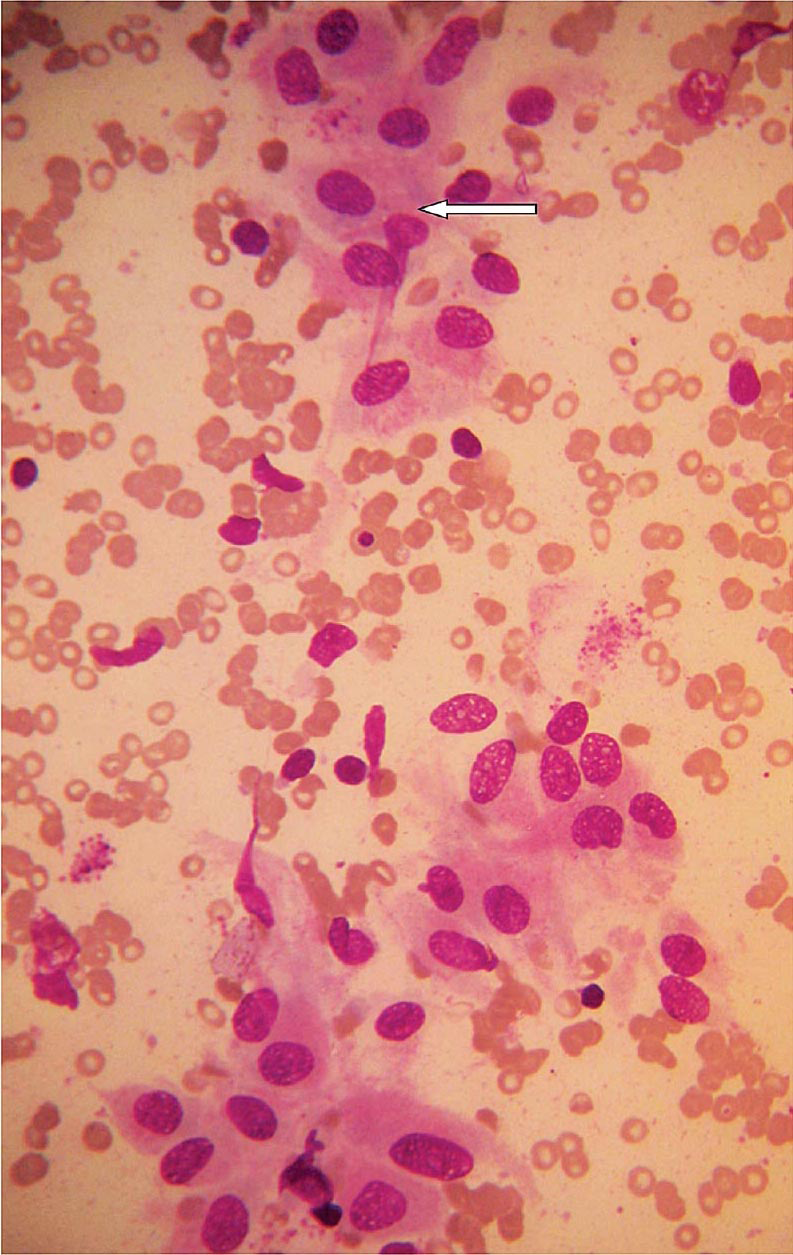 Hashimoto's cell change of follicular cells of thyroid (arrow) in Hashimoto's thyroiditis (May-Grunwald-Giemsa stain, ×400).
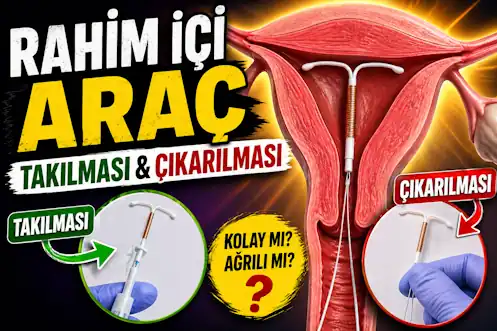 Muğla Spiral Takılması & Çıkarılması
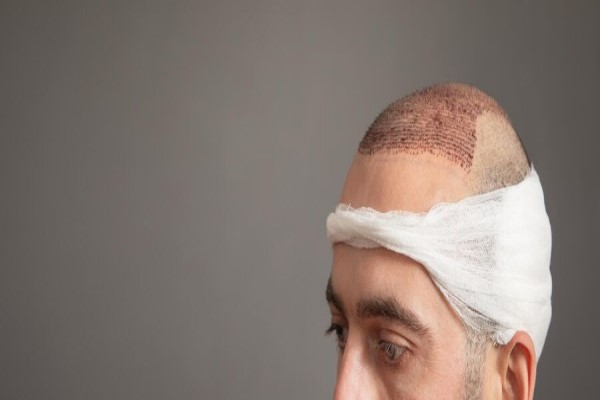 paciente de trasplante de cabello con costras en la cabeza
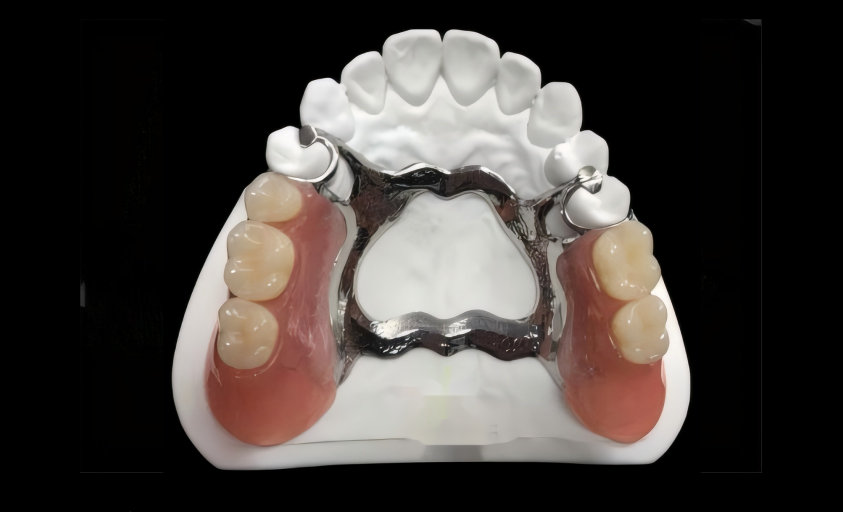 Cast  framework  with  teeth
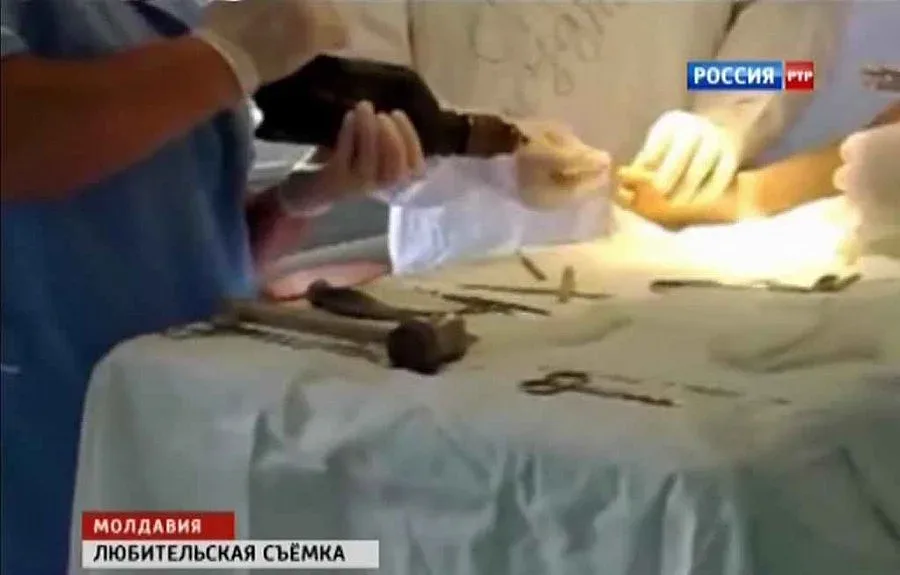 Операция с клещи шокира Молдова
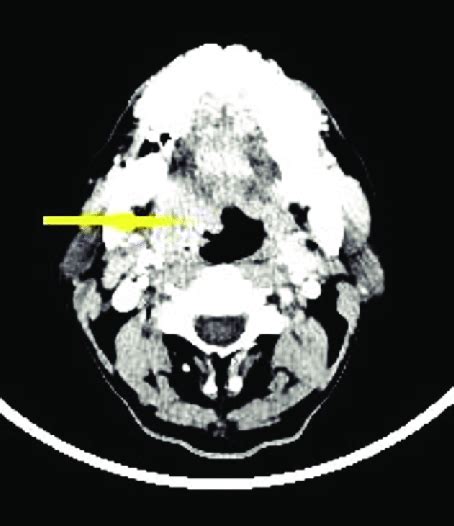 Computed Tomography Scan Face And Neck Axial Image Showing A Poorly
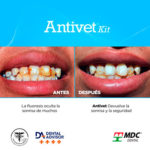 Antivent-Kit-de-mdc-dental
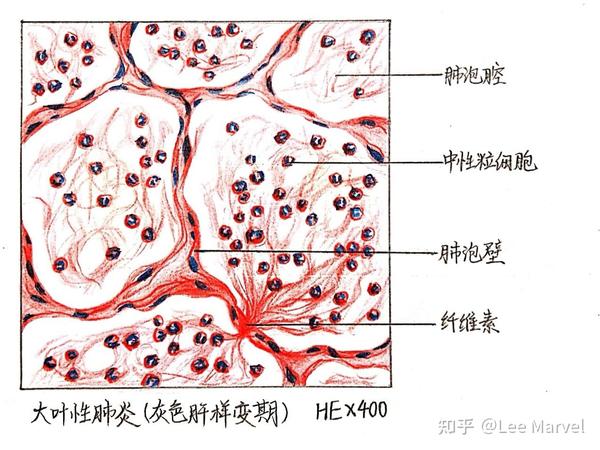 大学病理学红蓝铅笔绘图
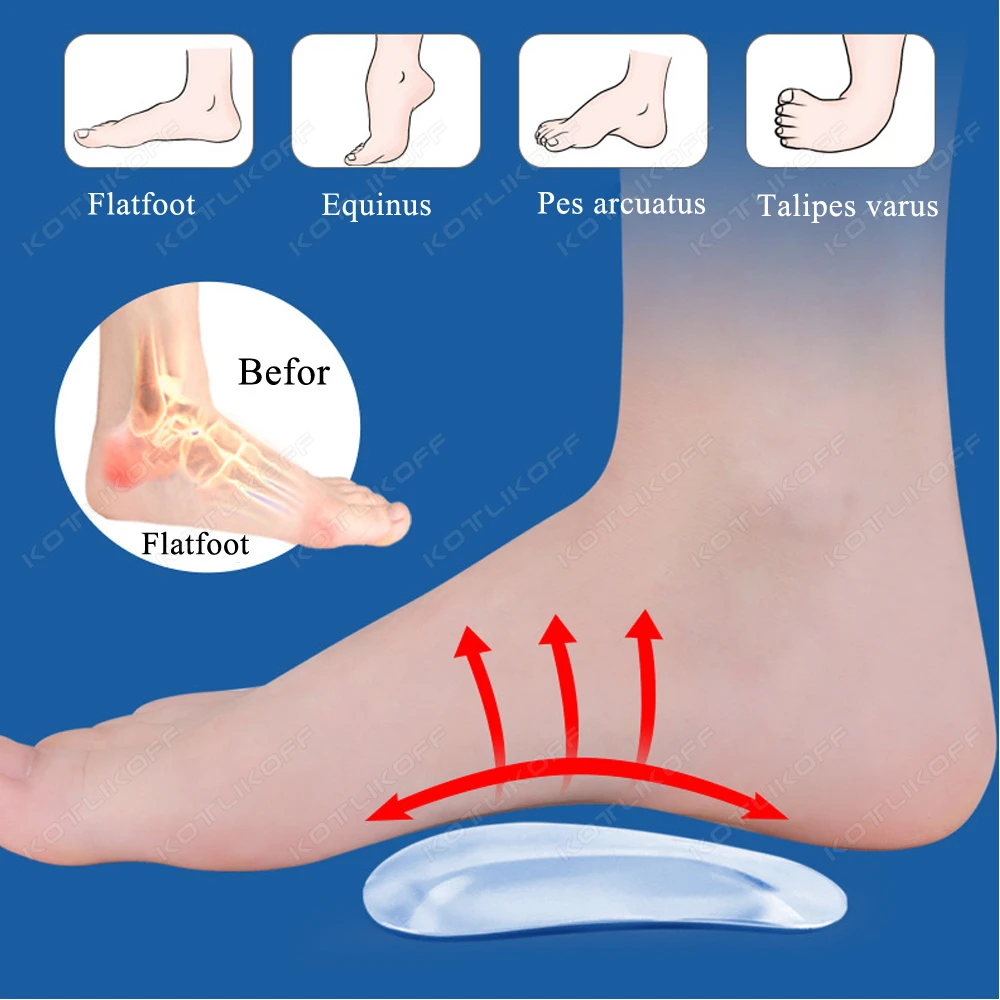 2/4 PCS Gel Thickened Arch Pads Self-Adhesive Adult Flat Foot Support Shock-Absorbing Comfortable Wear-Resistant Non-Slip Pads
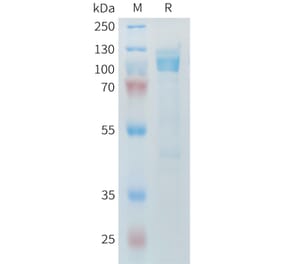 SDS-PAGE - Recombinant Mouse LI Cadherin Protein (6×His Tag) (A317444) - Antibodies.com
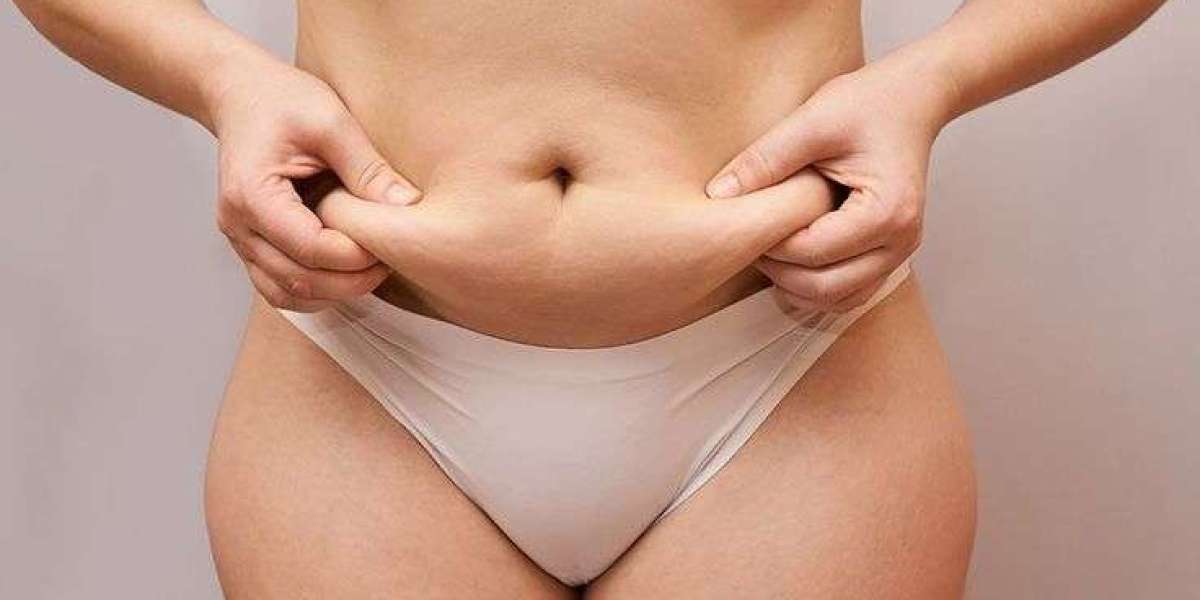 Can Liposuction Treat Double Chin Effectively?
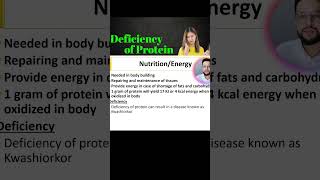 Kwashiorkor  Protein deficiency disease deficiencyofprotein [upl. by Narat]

§

▶ _Task requirements_
The answer should consist of every line above, exact and free of images.

▶ _Output for this task_
 Hashimoto's cell change of follicular cells of thyroid (arrow) in Hashimoto's thyroiditis (May-Grunwald-Giemsa stain, ×400).
 Muğla Spiral Takılması & Çıkarılması
 paciente de trasplante de cabello con costras en la cabeza
 Cast  framework  with  teeth
 Операция с клещи шокира Молдова
 Computed Tomography Scan Face And Neck Axial Image Showing A Poorly
 Antivent-Kit-de-mdc-dental
 大学病理学红蓝铅笔绘图
 2/4 PCS Gel Thickened Arch Pads Self-Adhesive Adult Flat Foot Support Shock-Absorbing Comfortable Wear-Resistant Non-Slip Pads
 SDS-PAGE - Recombinant Mouse LI Cadherin Protein (6×His Tag) (A317444) - Antibodies.com
 Can Liposuction Treat Double Chin Effectively?
 Kwashiorkor  Protein deficiency disease deficiencyofprotein [upl. by Narat]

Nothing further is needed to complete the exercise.